The Islamic State (Isis) has executed an al-Qaeda commander in Syria as an uneasy truce threatens to lead to all-out conflict between the militant groups. Isis killed a suspected al-Qaeda commander after claiming he had planned to be behind several assassination plots against Isis chiefs.
The once fierce al-Qaeda has been drained of recruits and money, territory and prestige by Daesh with 63-year-old leader Ayman al-Zawahiri cut off from commanders fighting in Syria. Jihadists have been lured away with promises of better weaponry and more glory.
Al-Qaeda, once led by Osama Bin Laden, had cut ties with Isis in late 2013 after a power struggle with chief Abu Bakr al-Baghdadi, although ideologically similar power struggles between the two groups have now resulted in executions.
A senior commander said to be named Abu Mujahid al-Baqai, was accused of organising attempted assassinations on Isis members in Yarmouk, Syria.
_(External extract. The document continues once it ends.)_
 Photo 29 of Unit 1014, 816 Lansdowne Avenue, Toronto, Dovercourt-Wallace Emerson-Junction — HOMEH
He fought with the al-Qaeda affiliate, Jabhat al-Nusra, and was videoed being executed with a gunshot to the back of his head and released in a trademark Isis report after being captured in Damascus province.
The video released by the jihadists also featured the execution of a Syrian Army soldier captured after the recent battle for the ancient city of Palmyra.
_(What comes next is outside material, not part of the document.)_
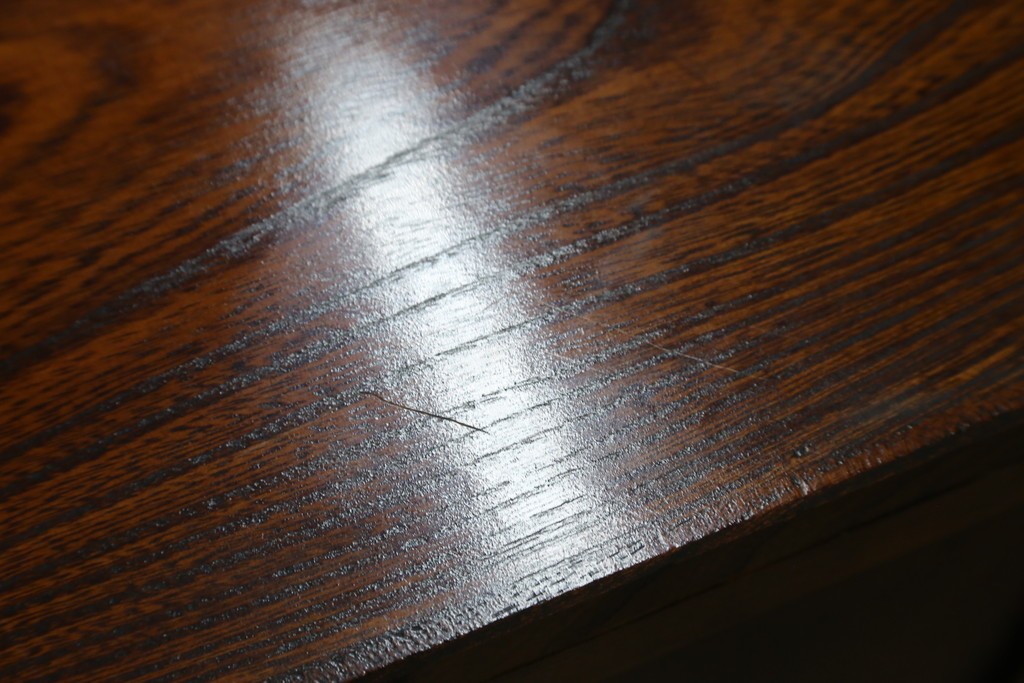 中古　超美品!!　高級品　国産職人手作り　工芸家具　総欅材　内部桐材　漆塗り　美しい杢目と牡丹をモチーフにした金具が魅力的な縦型6段整理箪笥　定価推定50万円以上　(R-084743)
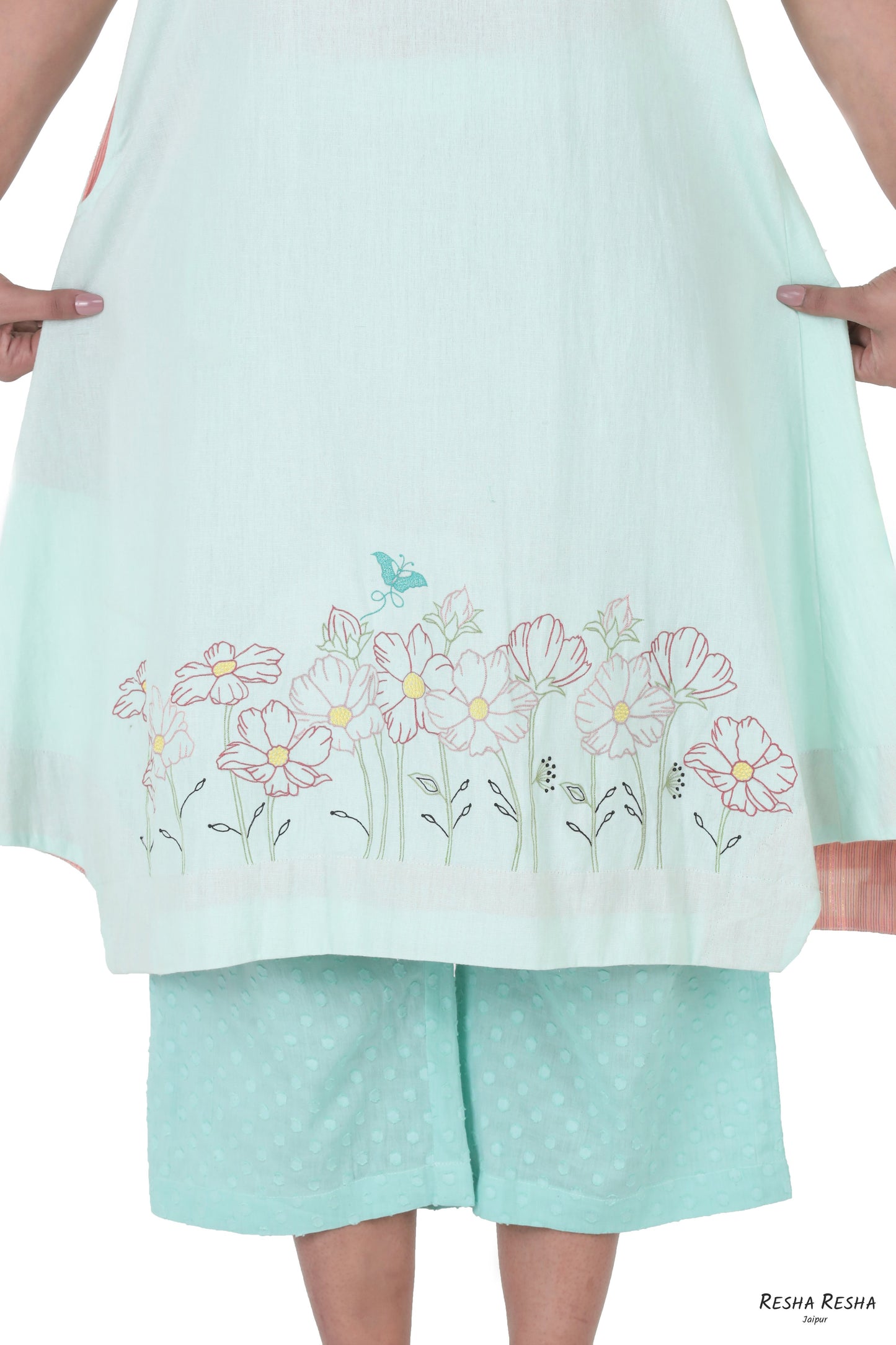 Sleeveless Kurta With Short Pant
The power struggle began when al-Baghdadi reportedly disobeyed orders from network leader al-Zawahri not to operate independently from al-Nusra in Syria. Baghdadi reportedly dismissed the orders and attempted to merge the two branches – essentially making al-Baghdadi the leader of both.
The two factions emerged as the largest Islamist militant groups as the Syrian Civil War descended into nationwide chaos. Over time, Isis eclipsed al-Nusra in many areas in the north and the west of the country.
Isis has now developed a global network of affiliates, most notably in Libya, in Nigeria with Boko Haram and the Philippines with Abu Sayyaf. IS Leaders call al-Qaeda a "drowned enemy" in issue six of their official English-language magazine, Dabiq and added that they will put up with no rival in their territories.
Isis also has a presence in Afghanistan, once home to thousands of al-Qaeda fighters but has struggled to win support in the country with the Taliban condemning the foreigners for their brutality.